Services such as Groupon, which offers a daily deal in cities across the United States, have proved the popularity of special offers with customers. Lasso CEO Chris Treadaway hopes that his company can help newspapers in particular become hubs of such offers. Treadaway says local newspapers may be able to sell better ad packages to customers, and to provide statistics that make it easier to show the economic value of advertising over the Internet.
Online advertising for local businesses represents “the final frontier” for the ad industry, says Colby Atwood, president of Borrell Associates, a research and consulting firm based in Williamsburg, VA. But since so many technology companies are trying to leap into the fray, he says, many local business owners are confused by the spread of technologies on the market.

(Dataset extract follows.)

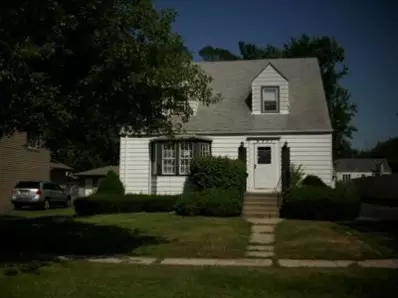 8331 Kraay, Munster, IN 46321 photo 1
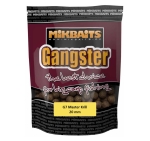 Boilies Mikbaits Gangster G7 - Master Krill - 1 kg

Atwood believes that while some small-business owners enjoy testing new technologies, many others feel uneasy because they don’t understand the advertising packages they buy. “There’s an underlying suspicion that maybe Web advertising isn’t for me and doesn’t work,” he says. Because of the desire to get measurable results, Atwood says, there’s been a huge growth in promotions such as coupons for local advertisers. Database management software has become much less difficult to use, and even businesses with limited resources can keep track of who’s redeeming coupons and follow up with more marketing aimed at these customers.
Services such as those offered by PaperG and Lasso could prove useful in helping local newspapers sell advertising, even if they don’t work perfectly, Atwood says. However, at some point he expects to see more consolidation in local advertising services.